> **What you are asked to do**
Pictures aside, the output must consist of the lines from the one containing "Jeep Grand Cherokee" through the end of the data, reproduced exactly.

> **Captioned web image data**
Segment Open

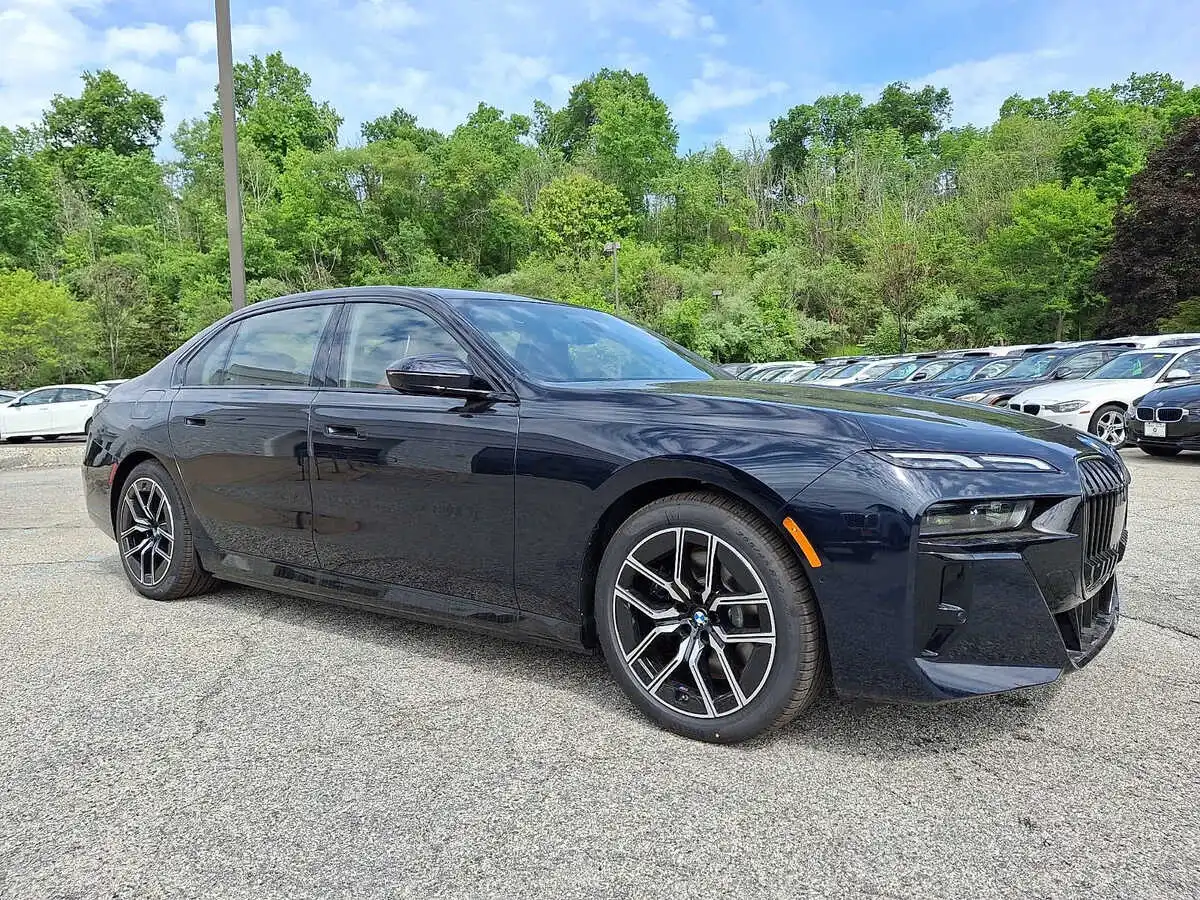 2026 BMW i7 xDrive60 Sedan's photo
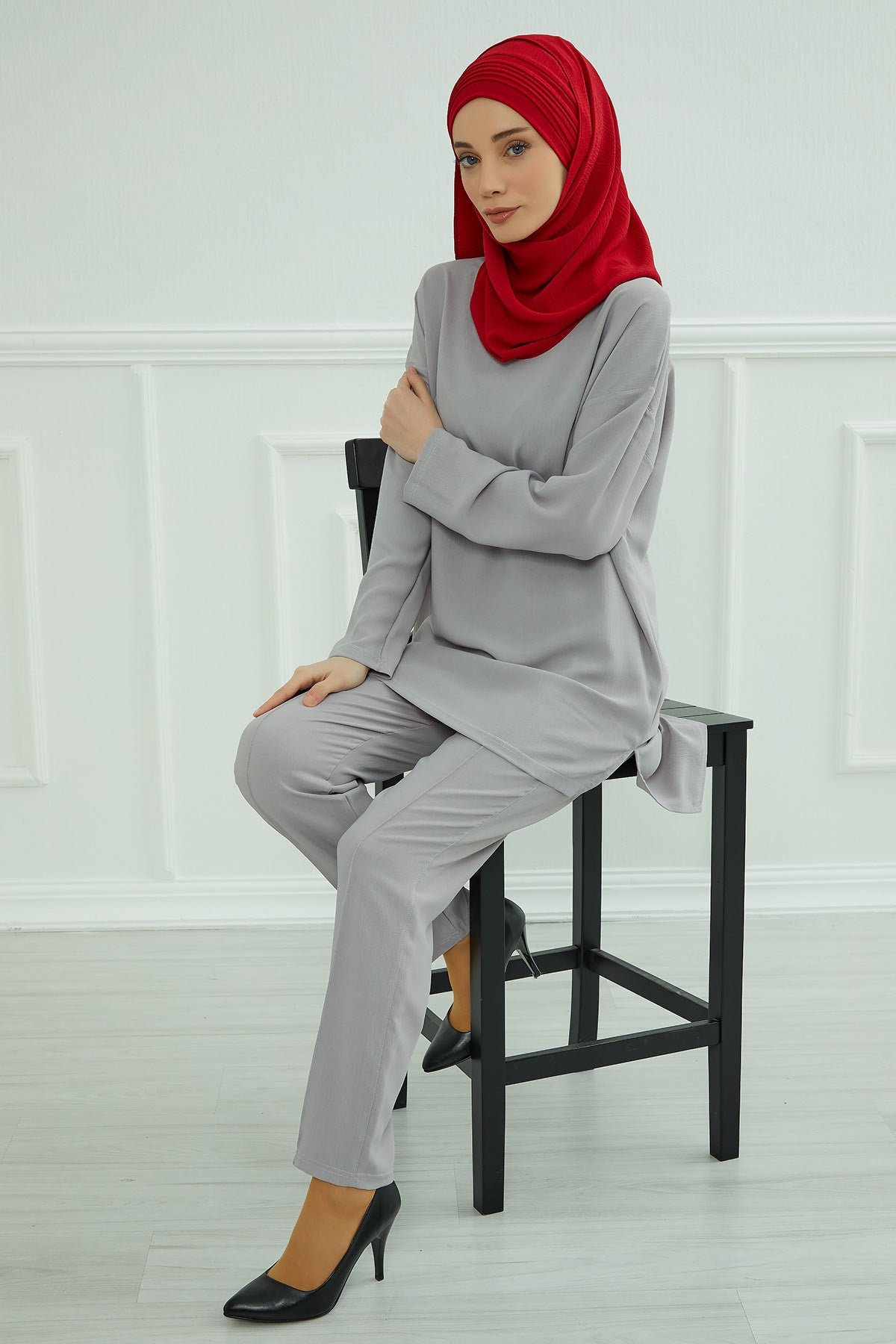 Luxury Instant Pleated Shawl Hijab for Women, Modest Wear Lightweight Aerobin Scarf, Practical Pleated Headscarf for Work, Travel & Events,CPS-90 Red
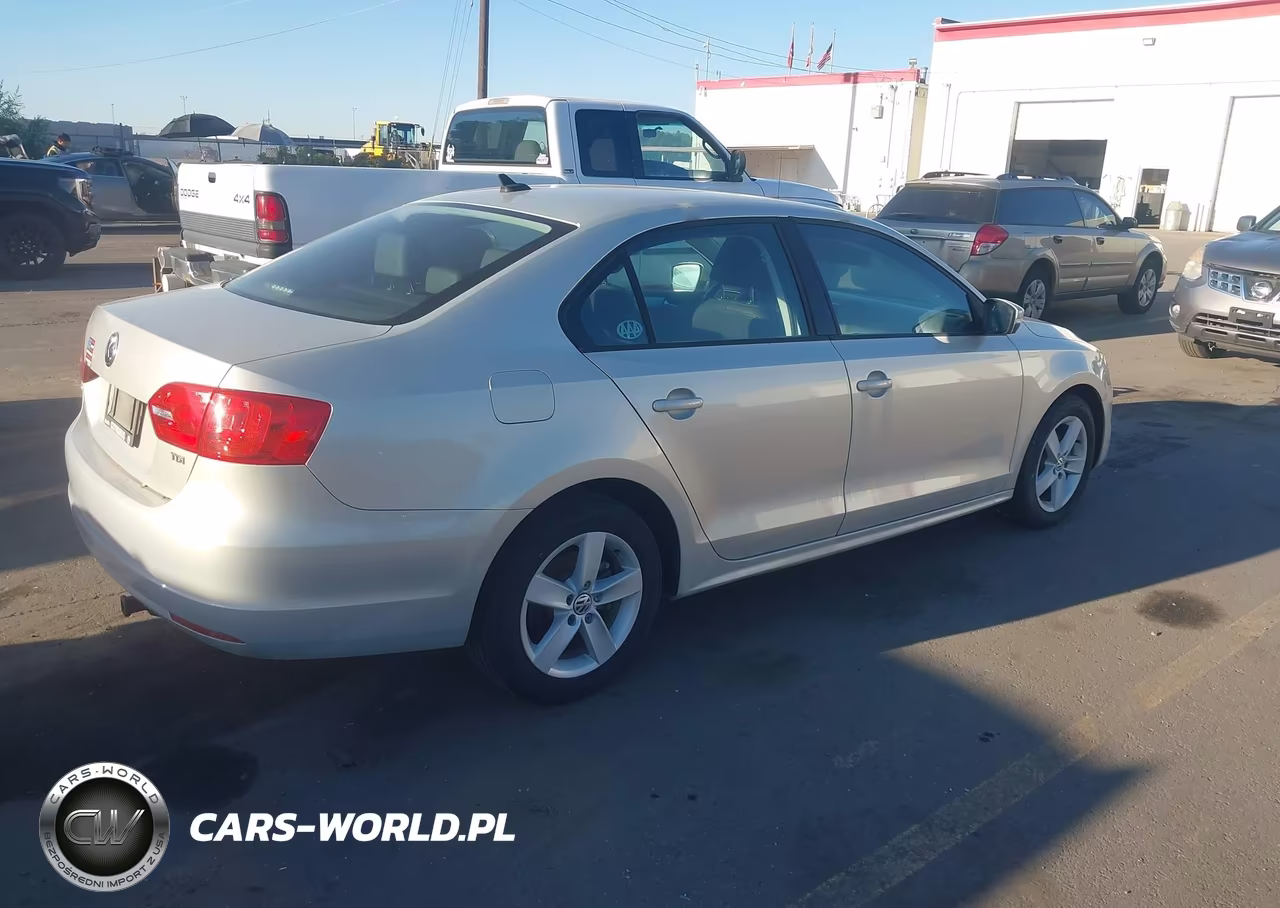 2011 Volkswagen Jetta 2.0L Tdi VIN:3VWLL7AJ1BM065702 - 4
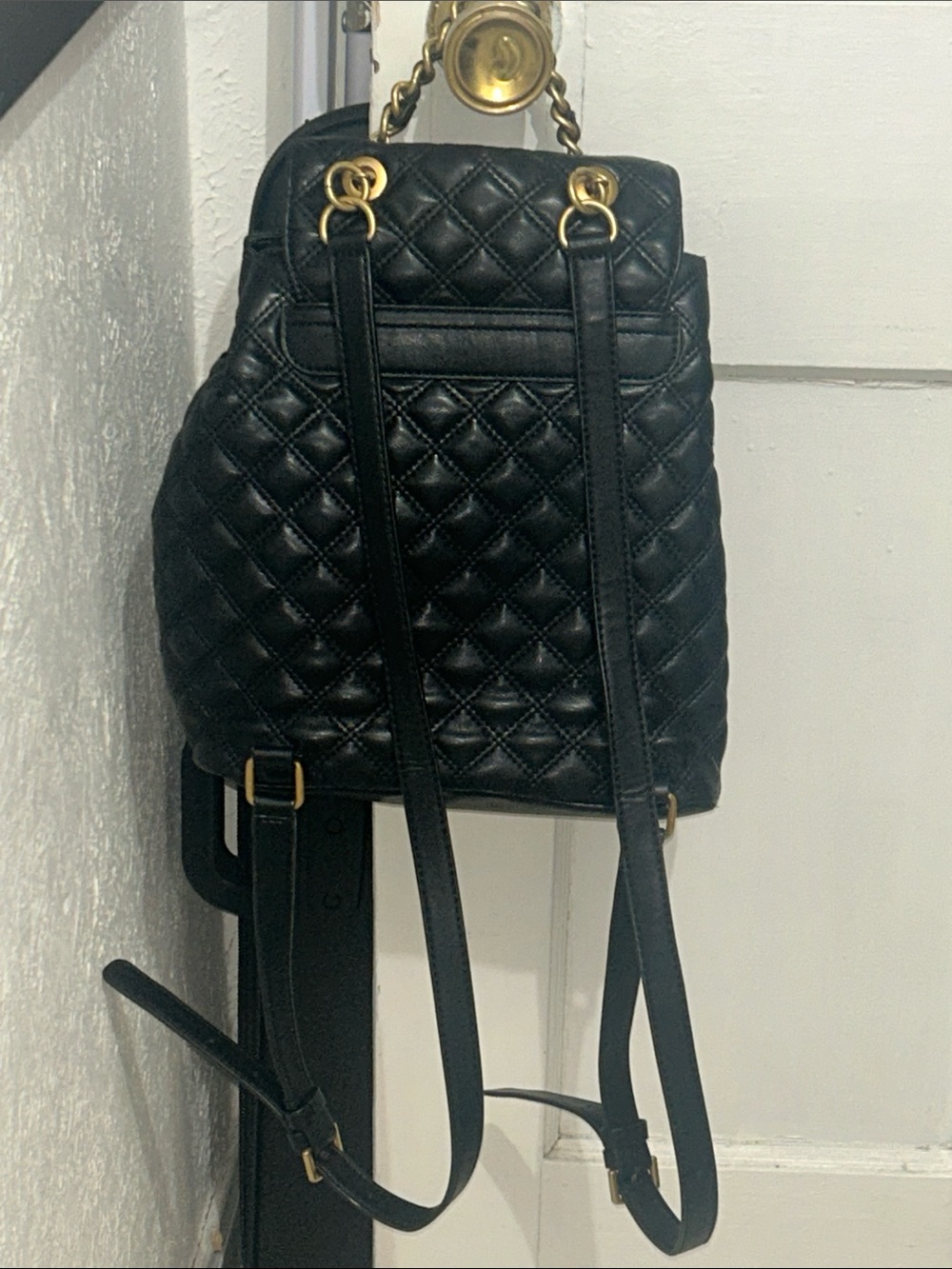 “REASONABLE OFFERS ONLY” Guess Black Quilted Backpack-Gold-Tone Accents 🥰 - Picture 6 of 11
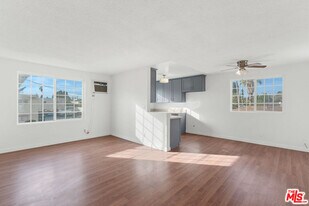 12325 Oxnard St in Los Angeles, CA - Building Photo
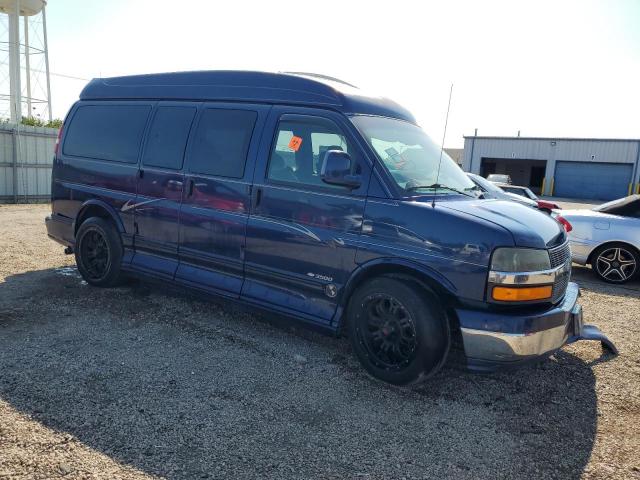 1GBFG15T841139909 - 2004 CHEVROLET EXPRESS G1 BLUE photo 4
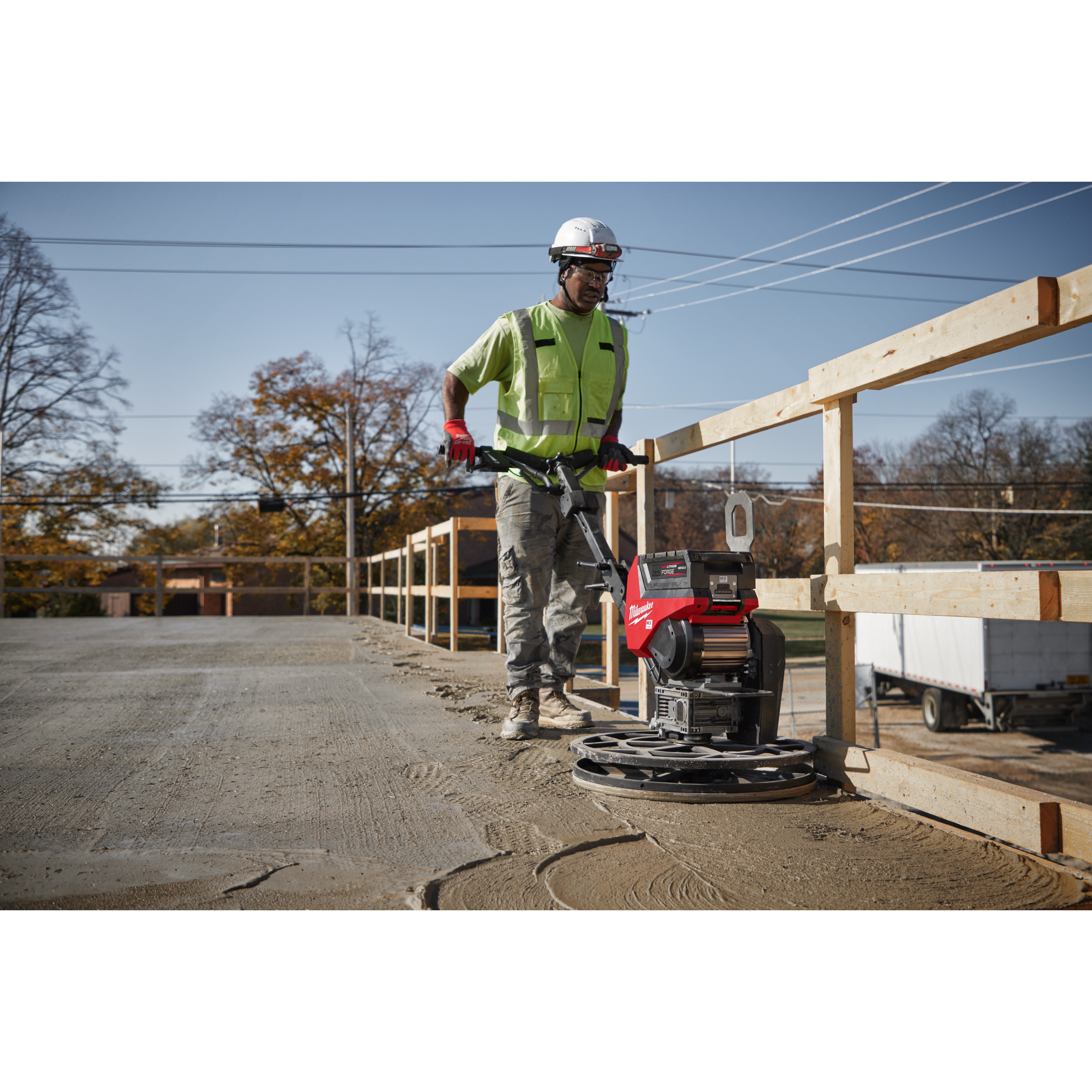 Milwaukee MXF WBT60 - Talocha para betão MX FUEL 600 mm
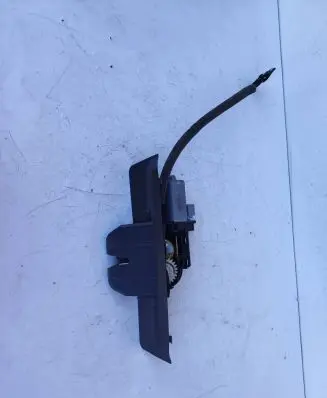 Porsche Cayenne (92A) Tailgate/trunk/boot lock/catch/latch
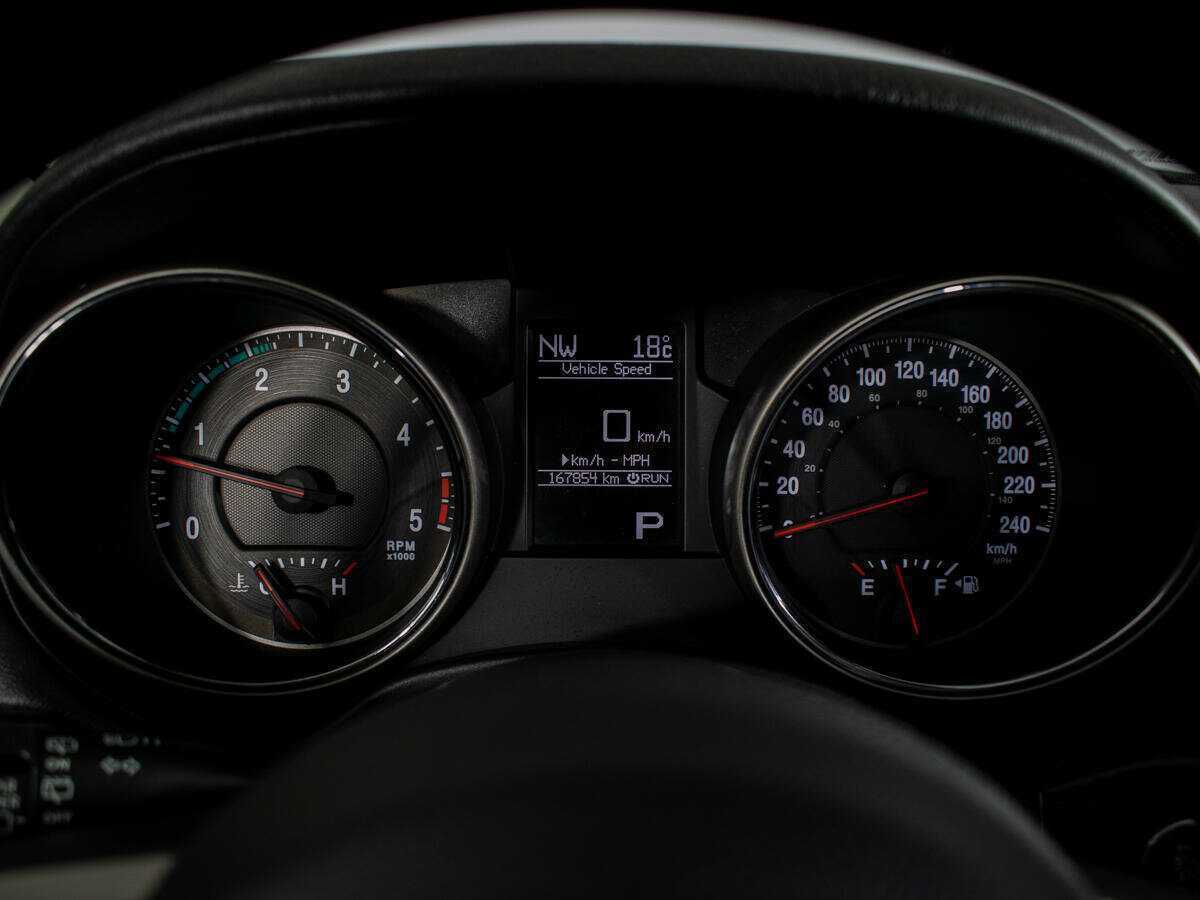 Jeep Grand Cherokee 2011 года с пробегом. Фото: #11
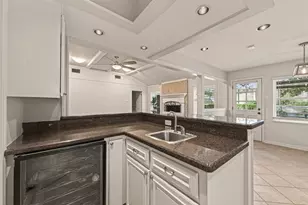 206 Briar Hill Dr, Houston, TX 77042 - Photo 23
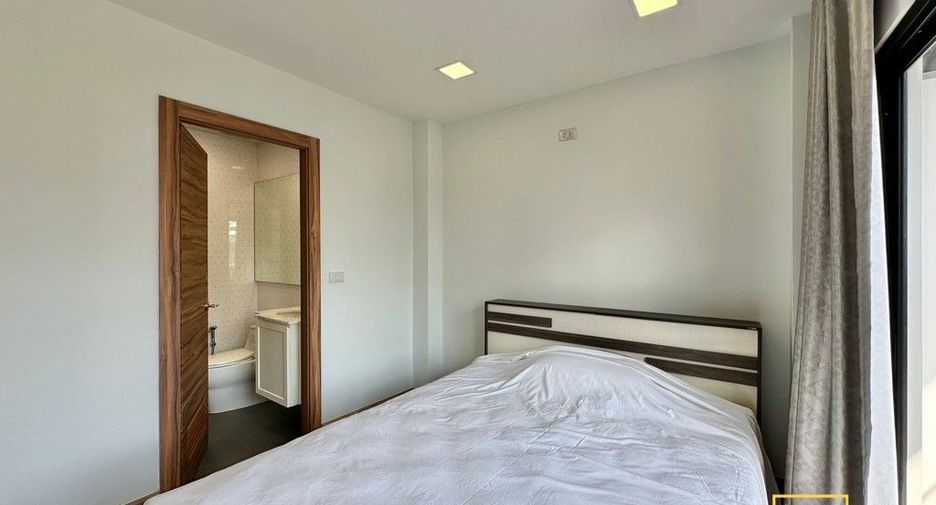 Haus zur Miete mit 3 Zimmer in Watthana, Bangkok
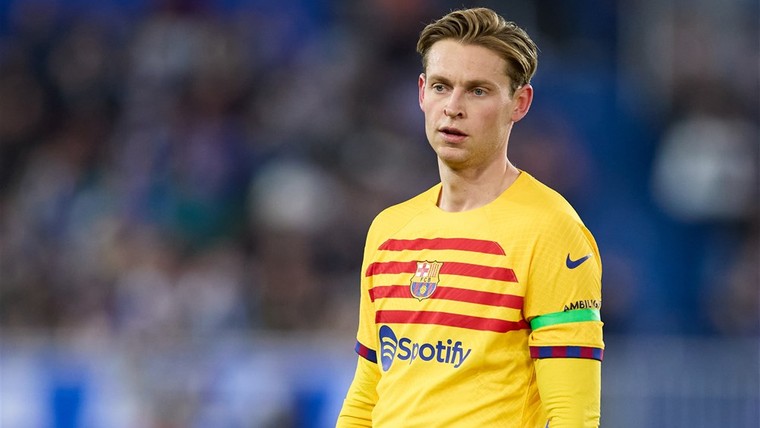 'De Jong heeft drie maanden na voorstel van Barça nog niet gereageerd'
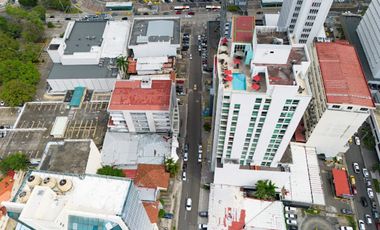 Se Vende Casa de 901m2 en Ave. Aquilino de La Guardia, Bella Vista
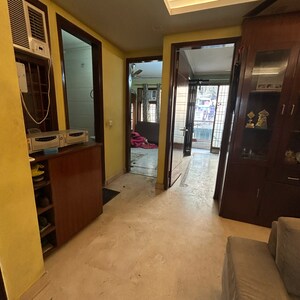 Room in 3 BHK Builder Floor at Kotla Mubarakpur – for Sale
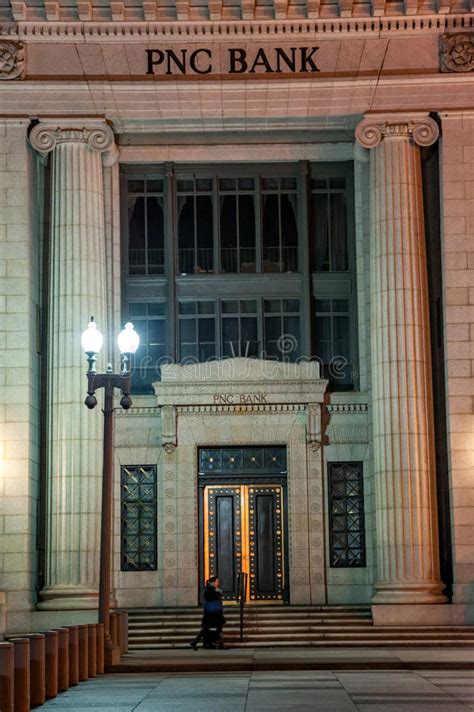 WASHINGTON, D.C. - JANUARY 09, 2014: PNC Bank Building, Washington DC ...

Segment Closed

> **Answer below**
 Jeep Grand Cherokee 2011 года с пробегом. Фото: #11
 206 Briar Hill Dr, Houston, TX 77042 - Photo 23
 Haus zur Miete mit 3 Zimmer in Watthana, Bangkok
 'De Jong heeft drie maanden na voorstel van Barça nog niet gereageerd'
 Se Vende Casa de 901m2 en Ave. Aquilino de La Guardia, Bella Vista
 Room in 3 BHK Builder Floor at Kotla Mubarakpur – for Sale
 WASHINGTON, D.C. - JANUARY 09, 2014: PNC Bank Building, Washington DC ...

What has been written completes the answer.